Please explain. 請說明以下. ご解説をしてくださいませんか。 A-cai 11:34, 6 February 2006 (UTC)

Your edits are seems strange. Why do you made strange categories? I think proper categories are:

  • a
    • ā
    • á
    • ǎ
    • à
    • āi...
  • b
  • [:Category:ba ㄅㄚ]、[:Category:gong (Pinyin)]→ "Chinese pinyin bā, bá, bǎ..." (need tone marks, no need duplication: pinyin and zhuyin)
  • [:Category:fàng 放]→ see each character ARTICLEs.

finally, more study pinyin ortho. ―Gliorszio 11:51, 6 Feb. 2006 (UTC)

My reasons for how the Chinese Pinyin index is arranged.[edit]
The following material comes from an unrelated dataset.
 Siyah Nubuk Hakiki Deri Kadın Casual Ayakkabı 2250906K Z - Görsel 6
Hopefully, it makes sense now why I was arranging it such. Many westerners have difficulty with Chinese tones. Therefore, it is better to group all syllables with different tones under the same syllable.


  • Chinese Pinyin index
    • m ㄇ
      • ma ㄇㄚ
        • mā 媽
        • mā 妈
        • má 麻
        • mǎ 馬
        • mǎ 马
        • mà 罵
        • mà 骂

I hope this explains the method to my madness. A-cai 16:51, 6 February 2006 (UTC)
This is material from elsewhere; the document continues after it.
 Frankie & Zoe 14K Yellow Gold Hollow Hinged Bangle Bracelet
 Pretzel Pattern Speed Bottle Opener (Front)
reason for both Pinyin and zhuyin[edit]

There are two reasons for including both Pinyin and zhuyin.

  1. Adding the zhuyin guarantees that this category will only be used for Chinese Mandarin. If we only create a category called ma or má, it is very likely that it may conflict with another language someday.
  2. Although everyone in the PRC uses Pinyin, most people in Taiwan use zhuyin. So we should accommodate both.

If it would make you feel better, we could change the category "Chinese Pinyin index" to "Chinese phonetic index." A-cai 16:59, 6 February 2006 (UTC)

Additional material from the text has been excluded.